Mirrors, Paintings, Photos, Dreams
Mirrors, photos, paintings and dreams record the visual perceptions or memories of a moment, but are often illusory, distorted, or record what is absent. These images nevertheless yield a surrealistic or subconscious truth to the story. When Urbino goes to the old slave quarter the day of his death he sees the filth it contains and knows the grand old colonial city “was an illusion of memory” (I. 17). The difference between reality and the distorted picture in his mind can be measured. In the same vein, Urbino suggests the city should buy Saint-Amour’s childrens’ photographs “to preserve the images of a generation who might never again be happy outside their portraits” (I. 38). People become miserable when they cannot preserve the images they carry, as when Fermina cannot uphold her nostalgia. The photograph of Fermina and Hildebranda as teenagers dressed in mid-century costumes records their youthful and careless joy. As the photo is seen by many characters over the years, it less and less resembles the joyless Fermina and the fat Hildebranda of later days.

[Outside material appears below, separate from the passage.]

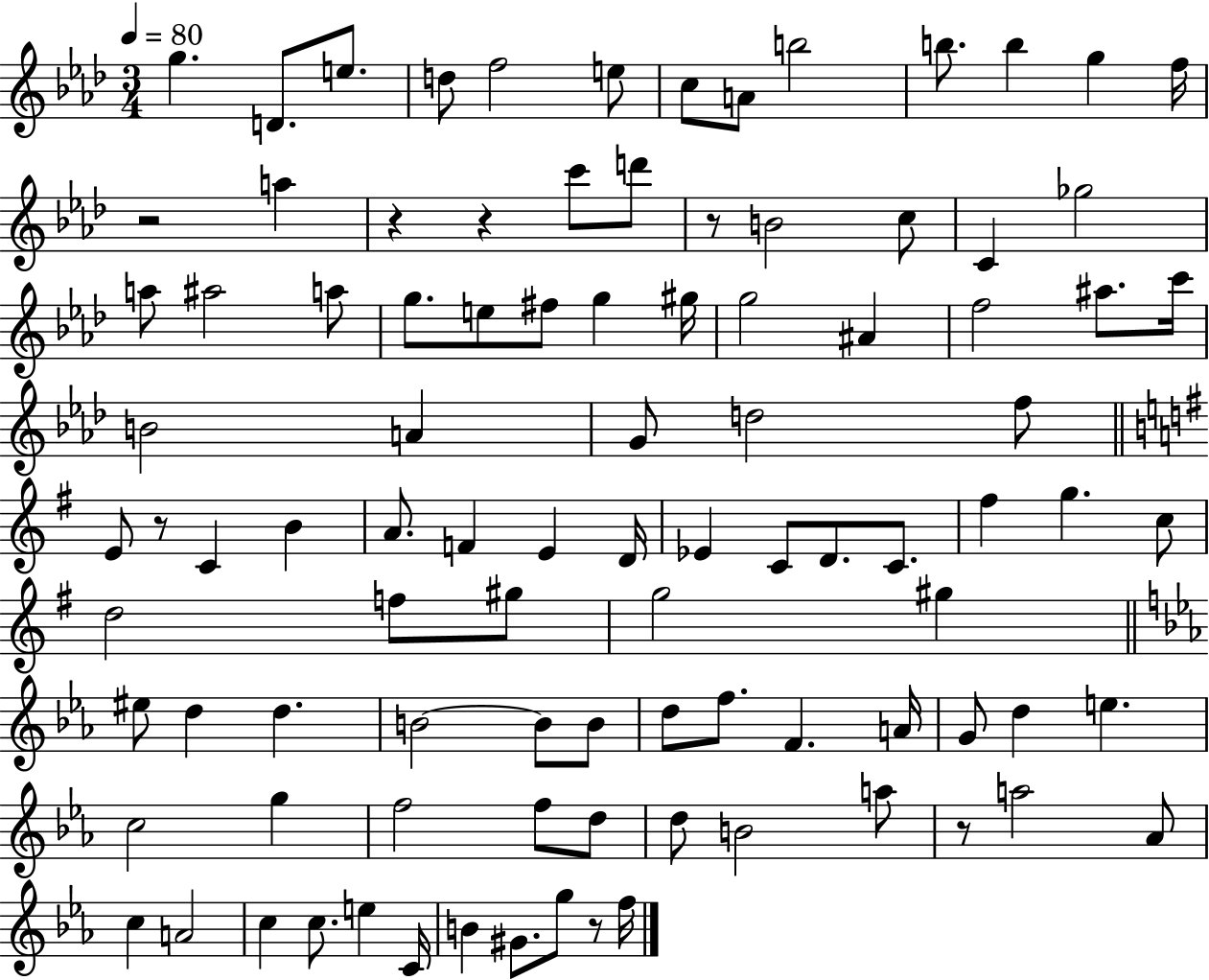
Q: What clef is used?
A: treble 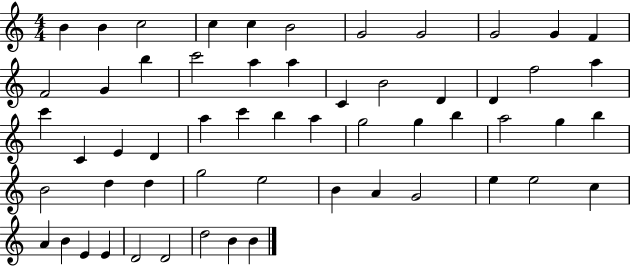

Urbino’s memorial painting after his death as a city father whose memory should be preserved does not really capture him but the absurd moment of his death, falling from a ladder. The portrait is exhibited in many public places and finally burned by a later generation of rebellious students who do not accept that history or aesthetic.
The young Florentino goes out in the boat to find the sunken treasure in the bay, and the water is so calm he “felt as if he were his own reflection in the water” (II. 91). He is full of hope at this moment and lines up with his own conception of himself. At the same time Fermina is on a boat trying return to Florentino, but the wind blows the ship back to its dock, so that she lives a day of hallucination, saying good-by again to her cousins, as though living through the same day twice. She dreams of Florentino who takes off the face he wore because it was a mask, but underneath the real face is the same as the false one. This incident reveals her rejection of him and his sentimentality.
In their seventies, however, she is relieved to find Florentino “old and lame, but real” (VI. 330). He on the contrary, looks in the mirror when he ages and panics to see the baldness, trying to recapture his youthful look by plastering the remaining strands of hair on top of his head. When Florentino goes to a restaurant in middle age, he sees Fermina and her reflection in the restaurant mirror, looking young again. He purchases that mirror as though he can get her and her youth back and preserve the image he sees.
Urbino courts Fermina, getting drunk on anisette with her father and begins hallucinating. Getting into the carriage, he sees his face in the carriage mirror, and even his image “was still thinking of Fermina Daza” (II. 121). Love is shown as a state of drunkenness that distorts reality.